When I
first saw Frontier(s) I didn't think much of it. It reminded me too much of
Texas Chainsaw Massacre and all the other similar redneck-slashers. But I liked
the style, the visuals, the actors - but then I forgot about it and it wasn't
until now I picked it up again, after the mastermind Cinezilla reminded me of
it the other day. I can't say it's up there with Inside and Martyrs, two of the
best horror movies to ever come from France , but it's still a gritty,
violent, dirty and shamelessly exploitative - but with a message - dares to not
fancy around the grey zones of morality. This goes a lot further.
What the
heck, it worked a lot a better now - for several reasons. Lets go back to Texas
Chainsaw Massacre, Tobe Hooper's original classic. What we have there is almost
a story where we partly, in a macabre way, is on the side of the killers. For
some it's a satire over the working classic hitting back at the spoiled youth. Could
be, but I think it's mostly a primitive look at what happens to a country when
it's fucked up by right-wing governments, war, cynicism and religion. It's a
movie with a message open to discuss. Frontier(s) have a very similar story,
but set in the countryside outside of Paris where our victims is a bunch of
small-time criminals, protesters and their friends - escaping from the riots
and the police and instead of coming to the welcoming arms of hard-working
country folks, falls directly into a nest of those Paris don't want to talk
about, the racists, the facists, the dark past of France, the neo-Nazis... the
evil that everyone ignores because they're cowards.
There's no
grey scales here. The nazis, the racists, are the evil ones - and they're
directly born from the original Nazis, with ideas and a lifestyle from the
source of it all. There's no stupid ways of saying "oh, they're just
misunderstood and under-educated blahablaha" - no way, they're fucking
evil. Just evil. And that makes Frontier(s) a lot more powerful than the last
time. We're living in a Europe which now is
rapidly going back the fascism of the thirties and forties and no one seem to
care. People are to damn lazy. In the Frontier(s) family we have a cop, we have
a old-school Nazi, we have a country-side brute and a bunch of women who do everything
to defend their Aryan genes. But at the hands of the people, those who can't
accept the rise of the fascism in Europe ,
there's of course only one way to deal with these people...
Like Samuel
Fuller's White Dog there's an ending that leaves no room for forgiveness or
understanding, and I'm grateful for that. It's us or them. But hey, that's a
lot of politics... and this is mainly a horror movie and one damn brutal one.
It's without a doubt one of the most violent French movies I've seen with a
huge amount of gore and blood and just very painful beatings and stabbings. It
all looks quite good also, even if it's a bit too much after a while - because
if you're going to do a splatter movie you need to have a good story to tell
also, believe it or not.
That's the
only weak thing with Frontier(s), it's too generic. We've seen much of it
before and some of the scarier ideas (like what's down there in the
underground) is left unexplored an could have been milked even more to boost
the horror and not just the violence. It's a good movie with some amazing
performances and awesome gore + an interesting, semi-apocalyptic atmosphere.
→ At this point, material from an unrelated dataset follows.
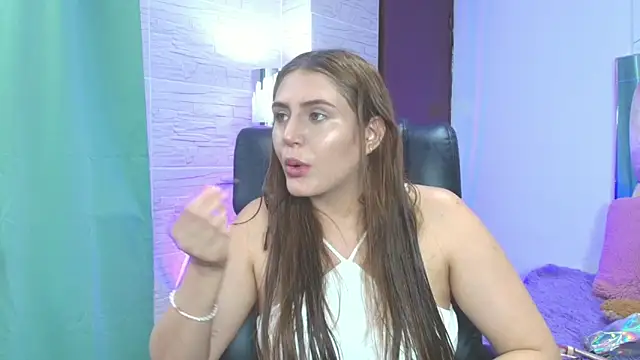 Snapshot of dakota_Robbins_ chatting on 09-27-25, 08:25 dakota Robbins online show from 09-27-25, 08:25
Well
worth revisiting!
1 comment:
"I can't say it's up there with Inside and Martyrs, two of the best horror movies to ever come from France,"
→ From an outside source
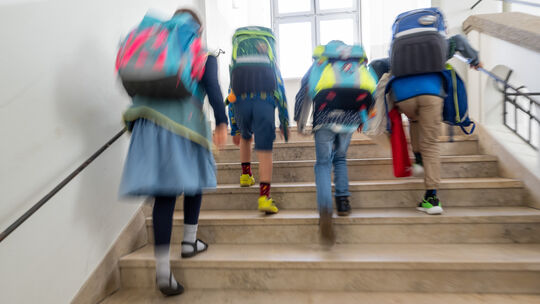 Kinder bewegen sich in ihren Schulen meist ganz unbesorgt. In einer Koblenzer Förderschule soll es zu einem sexuellen Übergriff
I have to say I prefer Frontier(s)in front of those two, I thought they were more uneven, flawed.
"Could be, but I think it's mostly a primitive look at what happens to a country when it's fucked up by right-wing governments, war, cynicism and religion."
Yeah...all of those nazi war criminals like Klaus Barbie, Paul Schäfer etc that escaped justice to south america and continued making crimes, murder, rape etc.
http://en.wikipedia.org/wiki/Paul_Sch%C3%A4fer
"We're living in a Europe which now is rapidly going back the fascism of the thirties and forties and no one seem to care."
It worries me a lot.
"Like Samuel Fuller's White Dog there's an ending that leaves no room for forgiveness or understanding, and I'm grateful for that."
Both these films carry a strong message, it´s nice to see, always felt US made horror lacks a subtext.
"That's the only weak thing with Frontier(s), it's too generic."
Yeah....too many clichés in it I think.
Great review ninja, I want to see some more horror review from France.